I do have results somewhere, maybe even actual calculations. I have to look for them.
In 300 dice rolls, on average, you would see ~133 6,7 and 8s.
expected number of 7s would be 50.
edit:
I have to run
Quote: kwalter827Guido111,
Thanks for your help! You are on the right track! I am interested in the EVENT of 300 rolls, and looking at the distribition of 7s, 6/8s.
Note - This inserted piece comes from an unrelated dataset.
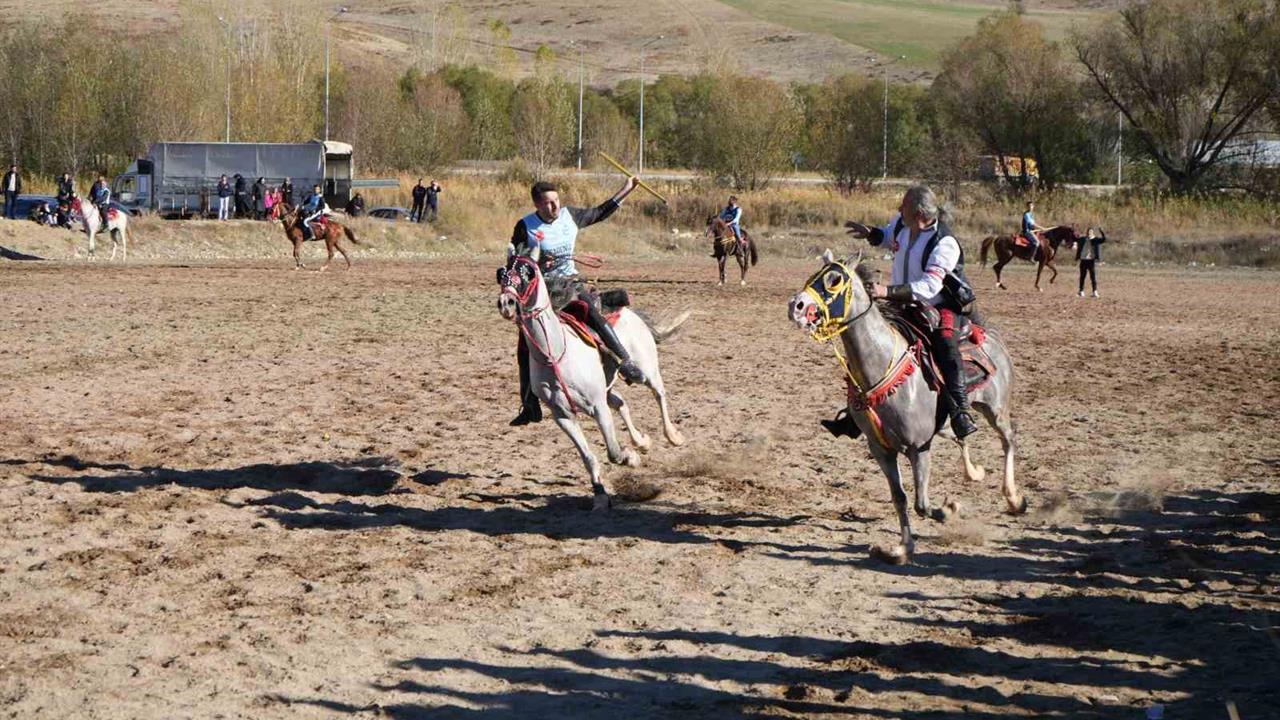Bayburt'ta düzenlenen cirit müsabakasında dostluk rüzgarları esti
I figured from previous posts that there would be around 6 double 7s (2-7s together) and 1 triple 7(3 7s in a row) so obviously there would be no 6s or 8s between them, but what about the other 43 7s?
Given 300 rolls and the expected 50 7s, I guess another way of asking is out of the 49 spaces between 7s, how many would have at least one 6 or one 8? It would also be cool to know how many of those spaces between 7s would contain at least n number of 6s or 8s...but that is another question.
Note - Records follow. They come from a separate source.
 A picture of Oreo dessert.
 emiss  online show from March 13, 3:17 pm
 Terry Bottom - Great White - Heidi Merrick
Thanks for looking into this!
Keith
Getting back to your Q.
I had the math in a table that I can not find and I be too lazy to re-do the math. Basically your average of 49 spaces will still be filled with the probability of a 6 or 8 before one 7 just as you have sais.
Since you only do not count the 6 and 8s that roll before the first 7 but count every gap between the next 49.
A few sim results then you can take it from there.
Average # of 7s in 300 rolls 49.6725 that have 6 and 8s before. standard deviation of 6.391. That is close to the expected number of 49.
exactly 0 6/8s 37.458% right close to the 37.5%
exactly 1 6/8s 23.828% right close to the 23.44%
exactly 2 6/8s 14.696% right close to the 14.65%
here is the distribution from the probabilities at the beginning of this post.
37.50% 0 exactly
23.44% 1 exactly
14.65% 2 exactly
9.16% 3 exactly
5.72% 4 exactly
3.58% 5 exactly
2.24% 6 exactly
1.40% 7 exactly
0.87% 8 exactly
0.55% 9 exactly
0.34% 10 exactly
I need to ask why do you want to know this information?
Enjoy
Thanks for your help! You are on the right track! I am interested in the EVENT of 300 rolls, and looking at the distribition of 7s, 6/8s. I figured from previous posts that there would be around 6 double 7s (2-7s together) and 1 triple 7(3 7s in a row) so obviously there would be no 6s or 8s between them, but what about the other 43 7s?
Given 300 rolls and the expected 50 7s, I guess another way of asking is out of the 49 spaces between 7s, how many would have at least one 6 or one 8? It would also be cool to know how many of those spaces between 7s would contain at least n number of 6s or 8s...but that is another question.
Thanks for looking into this!
Keith